Papa John's International Inc. (PZZA) - Get Report said late Sunday that it will adopt a so-called "poison pill" to avoid outside investors from taking control of the company without compensating shareholders, but added that the current holdings of its controversial founder and former CEO, John Schnatter, would be grandfathered in to the new plan.
The strategy, which will trigger once an investor or a group of investors assumes control of 15% of the company, will see each existing shareholder receive the right to one additional share for each outstanding common share. The plan would expire on July 22, 2019, the company said, but will be triggered if Schnatter's stake rises from its current 30%.
"The adoption of the Rights Plan is intended to enable all Papa John's stockholders to realize the full potential value of their investment in the company and to protect the interests of the company and its stockholders by reducing the likelihood that any person or group gains control of Papa John's through open market accumulation or other tactics without paying an appropriate control premium," the company said in a statement late Sunday.
Papa John's shares were marked 9% lower from their Friday close in Monday trading. The move extends the stock's decline to around 9% since Schnatter's July 11 resignation as group chairman following allegations he used a racial slur during an company conference call.
"Papa John's condemns racism and any insensitive language, no matter the situation or setting," the company said in a statement at the time "We take great pride in the diversity of the Papa John's family, though diversity and inclusion is an area we will continue to strive to do better," the company said in a separate statement."

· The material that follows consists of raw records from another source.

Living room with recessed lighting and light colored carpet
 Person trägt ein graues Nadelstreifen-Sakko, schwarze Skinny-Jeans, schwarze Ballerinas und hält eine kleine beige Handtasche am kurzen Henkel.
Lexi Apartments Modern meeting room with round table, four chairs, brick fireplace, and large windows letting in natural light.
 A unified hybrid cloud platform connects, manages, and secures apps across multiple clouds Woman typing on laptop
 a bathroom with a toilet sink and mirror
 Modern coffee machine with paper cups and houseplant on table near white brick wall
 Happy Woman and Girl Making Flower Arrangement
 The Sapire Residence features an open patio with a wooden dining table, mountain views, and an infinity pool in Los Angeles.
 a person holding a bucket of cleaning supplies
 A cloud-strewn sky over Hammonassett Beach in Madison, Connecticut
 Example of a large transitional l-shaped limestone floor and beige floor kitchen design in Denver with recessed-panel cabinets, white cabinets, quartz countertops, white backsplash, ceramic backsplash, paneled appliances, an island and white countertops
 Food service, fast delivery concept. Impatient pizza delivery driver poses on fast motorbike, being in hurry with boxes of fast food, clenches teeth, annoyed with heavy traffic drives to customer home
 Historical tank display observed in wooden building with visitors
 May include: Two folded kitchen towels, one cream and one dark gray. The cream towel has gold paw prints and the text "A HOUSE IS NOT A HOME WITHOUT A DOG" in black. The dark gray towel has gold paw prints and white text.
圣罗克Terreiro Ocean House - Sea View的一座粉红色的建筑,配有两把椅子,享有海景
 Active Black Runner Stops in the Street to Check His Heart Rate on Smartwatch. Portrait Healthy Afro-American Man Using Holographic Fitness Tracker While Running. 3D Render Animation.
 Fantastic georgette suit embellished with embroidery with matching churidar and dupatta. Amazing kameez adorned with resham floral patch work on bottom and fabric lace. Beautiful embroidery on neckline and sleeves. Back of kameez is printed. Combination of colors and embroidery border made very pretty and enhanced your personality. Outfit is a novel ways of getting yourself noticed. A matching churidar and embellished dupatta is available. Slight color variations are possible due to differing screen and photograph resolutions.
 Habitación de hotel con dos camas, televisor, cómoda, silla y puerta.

Schnatter, who left his CEO role last year following a much-publicised spat with NFL Commissioner Roger Goodell over his handling of the league's national anthem protest controversy, which only days ago drew a fresh response from President Donald Trump.
"Schnatter and his affiliates and associates who currently beneficially own shares of common stock in excess of 30% have been grandfathered under the Rights Plan but will become an acquiring person upon their acquisition of 31% or more of our outstanding shares of common stock, subject to certain exceptions as described in the Rights Plan," Papa John's said.